Technology is leading the way to more efficiency at the Glenmore landfill in Kelowna.
For example, lowering the site’s carbon footprint.
“We expect in the next five to eight years heavy equipment will be able to be electrified more and more,” said Scott Hoekstra, manager of landfill and composting operations.
Hoekstra added they’ve been testing a compact electric loader and will purchase a similar piece of equipment soon.
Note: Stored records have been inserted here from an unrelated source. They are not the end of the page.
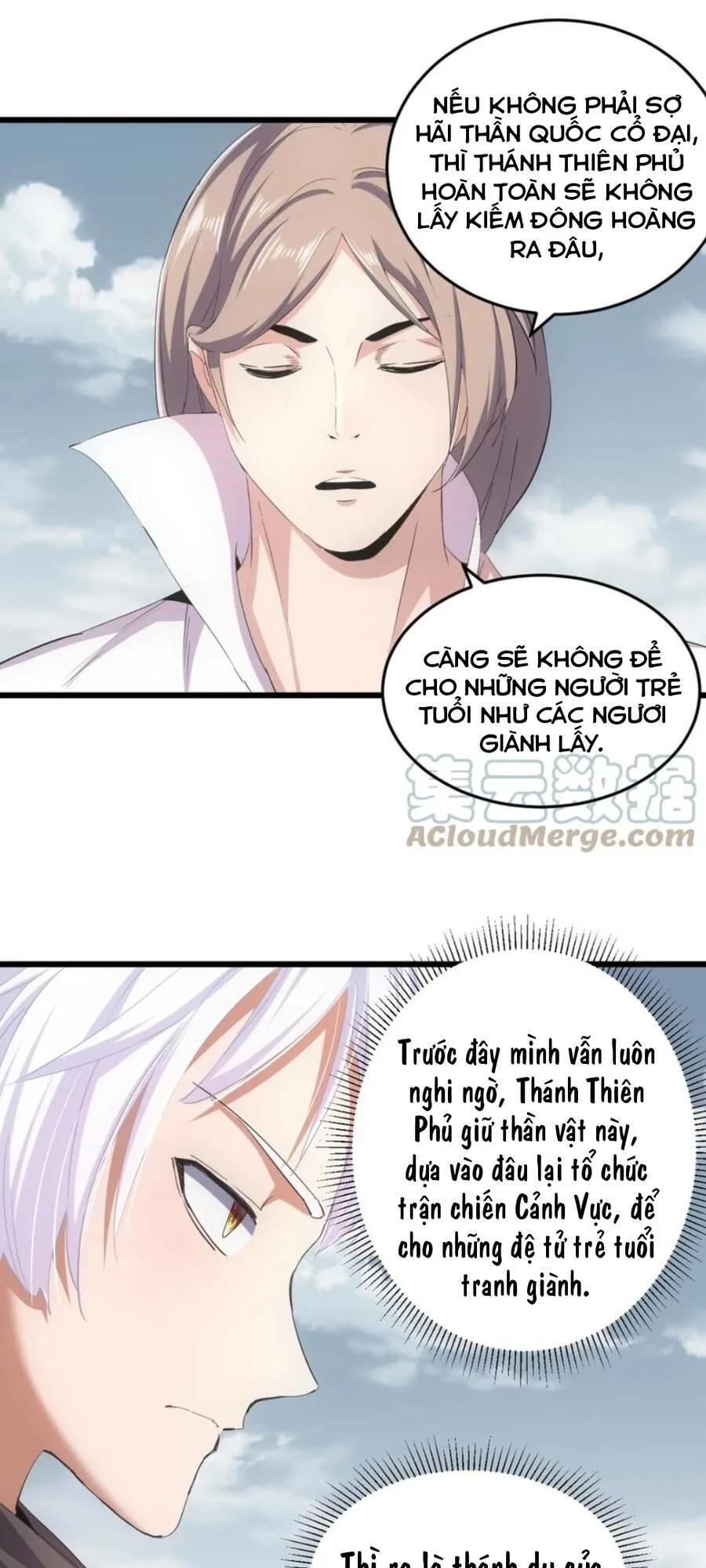 Vạn Cổ Đệ Nhất Thần chương 120 - trang 26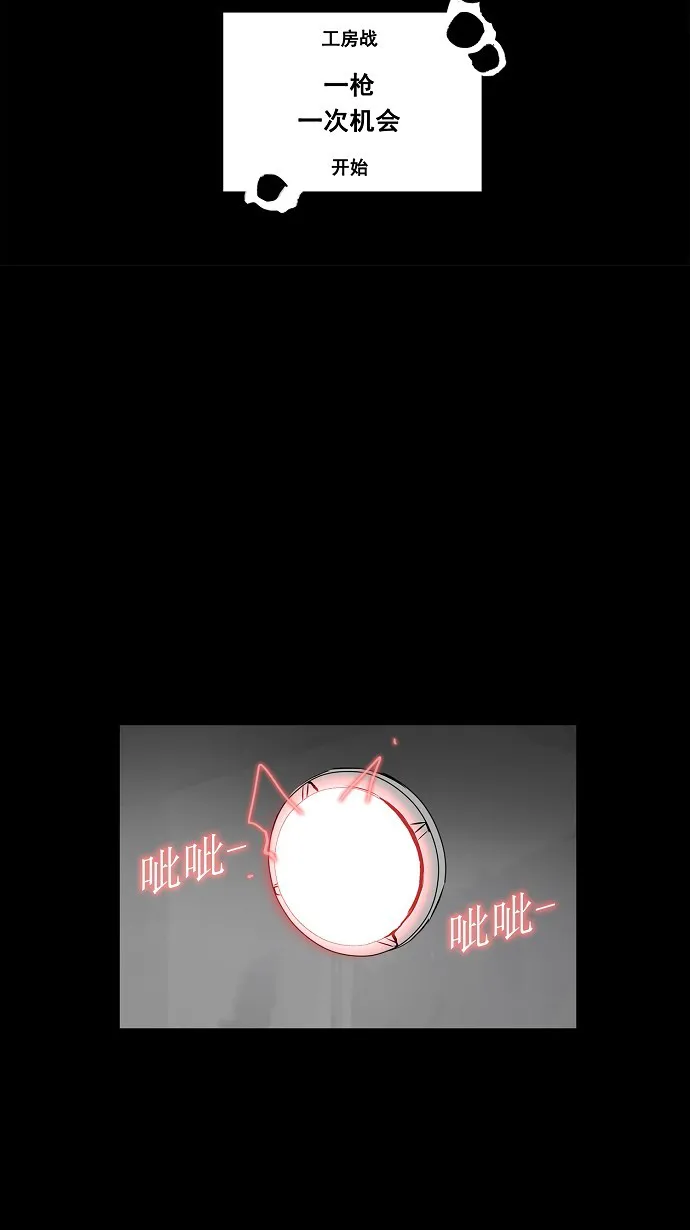 神之塔战力排名漫画,第137话46图
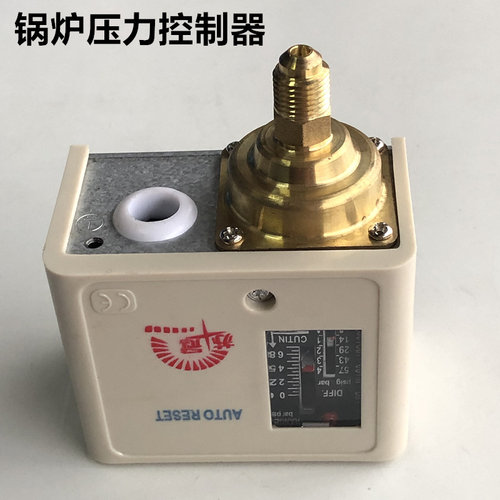 苏冠牌锅炉压力控制器1MP发生器可调压力开关控制继电器锅炉配件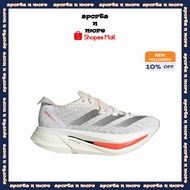 Adidas Adizero Prime X 2.0 STRUNG Men-Running Shoes | White / Grey Strata / Orange | IH5682 (3-7 Day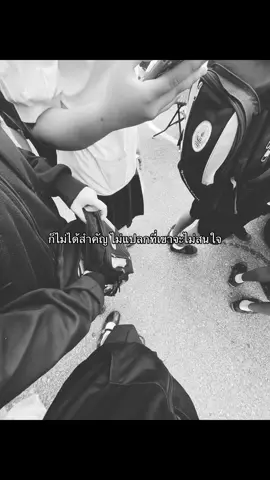 #เธรดของพิชญา☺️ #ฟืดๆๆ #เธรดความรู้สึก #fyp #ฝากติดตามด้วยนะ @TikTok 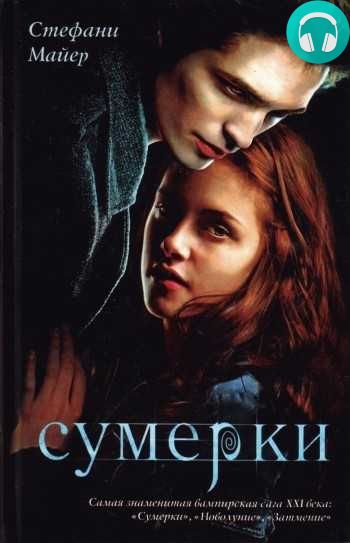 Обложка книги Сумерки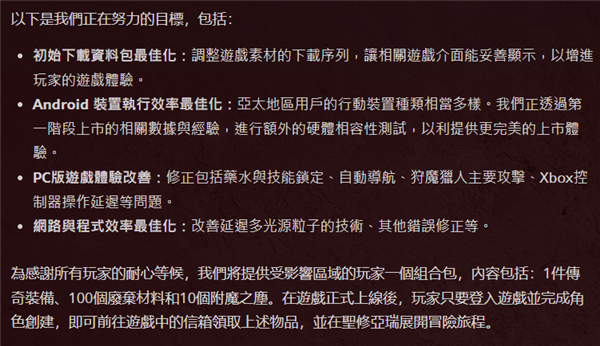 |《暗黑破坏神：不朽》手游亚太区跳票：延期至7月8日上线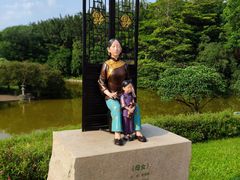 -广州雕塑公园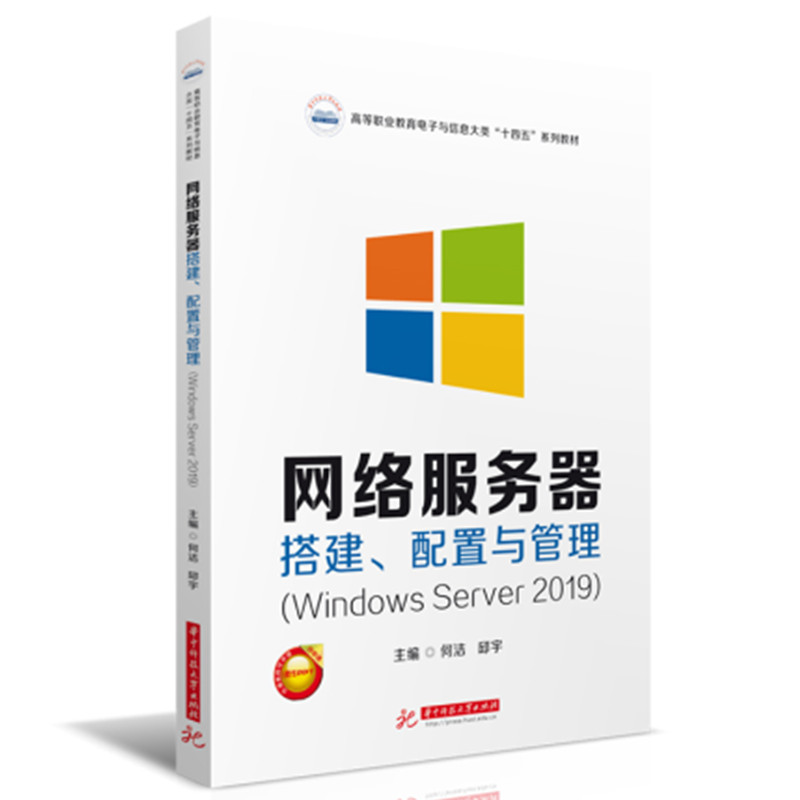 �W(w��ng)�j(lu��)����(w��)����������c������Windows Server 2019��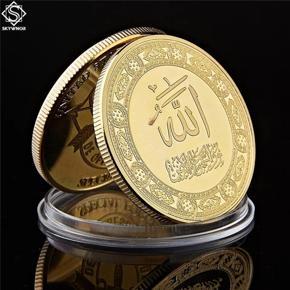 Islamic Commemorative Coin Muslim Mosque coins Souvenir Metal Coins Collection and Gifts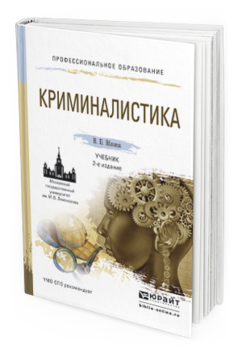 Обложка книги КРИМИНАЛИСТИКА Яблоков Н.П. Учебник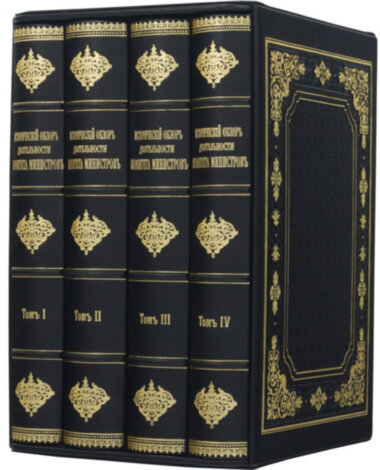 Эксклюзивная книга «Исторический обзор деятельности Комитета Министров» — ElitPodarok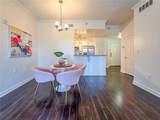 1101 Juniper Street - Photo 13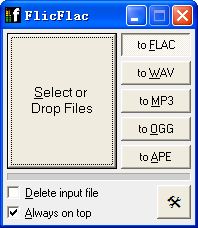 flac转mp3(FlicFlac)v1.01绿色免费版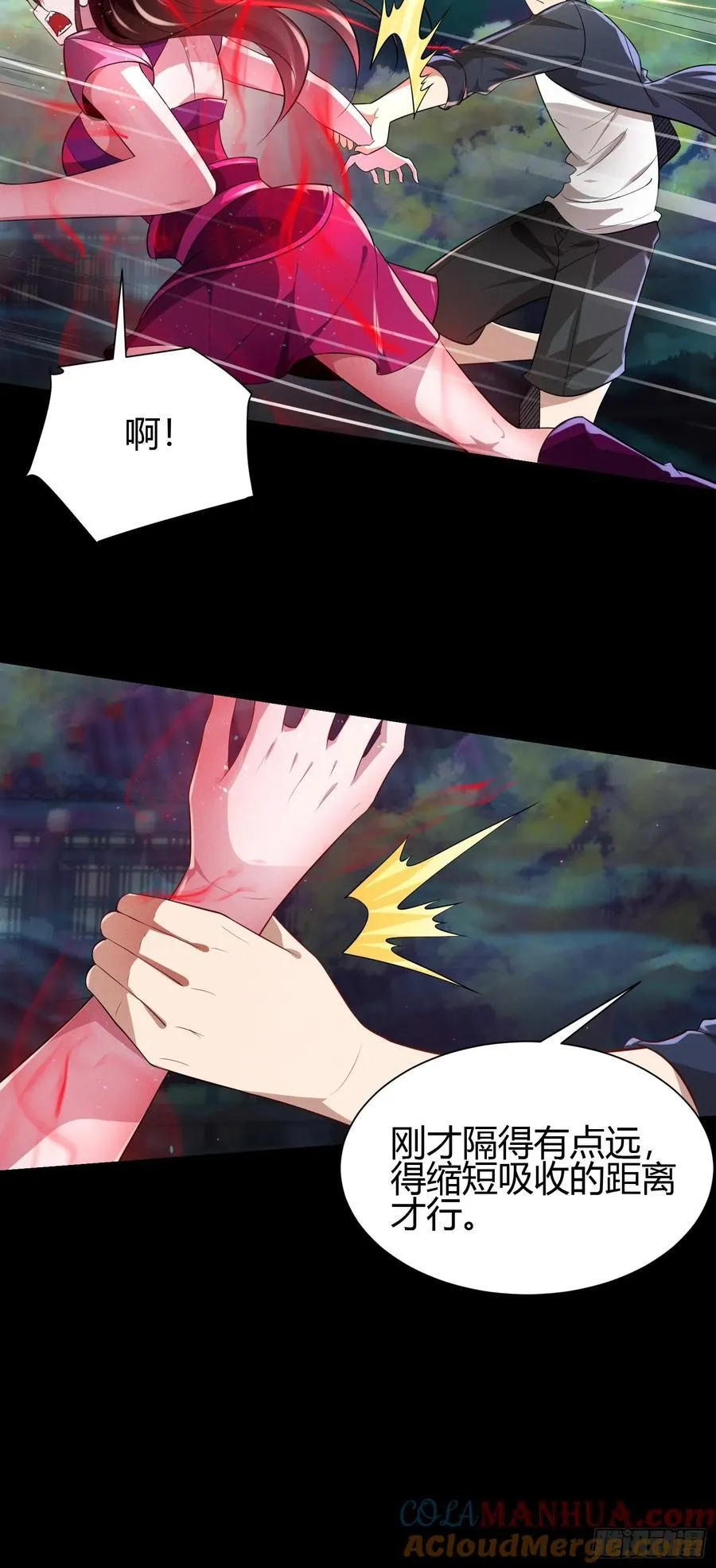 19 死亡危机！ 第5页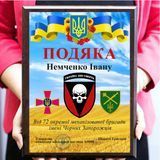 Нагородні металеві дипломи для волонтерів з емблемою бригади "З подякою від 72 ОМБр" 2104824281 фото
He noted their GPS system allows operators to monitor the deflection of waste as a compacter rolls over it, and measure how much more compaction is needed to fill up space in a given area.
“Almost 31 per cent of materials received at the landfill are not disposed of at the landfill,” explained Hoekstra. “So there is a pretty significant amount of waste diversion that goes on at the site, and quite proud to say that’s a growing number.”
Also, using technology currently utilized at a biosolids operation in Vernon, the Glenmore landfill will be able to produce compost in three to four months instead of the current 10 to 12. Hoekstra added a recently-purchased piece of equipment used to remove contamination from compost makes it clean enough for businesses such as Tolko and other companies to use as a biomass fuel.
“We’re actually sending it back out to market, and we’re doing a pilot program with the parks department to use it as a mulch in some of the parks.”
Initiatives include talks with the University of British Columbia Okanagan on research programs, and a building deconstruction pilot program. A city-owned property on KLO Road was deconstructed a few weeks ago in partnership with Unbuilders and Habitat for Humanity. Materials recovered included windows, brick, concrete, joists and framing, scrap metal, and drywall, on top of the mandatory recoverables under city bylaws.
“The preliminary numbers show we were able to recover approximately 70 per cent of the building,” said Hoekstra.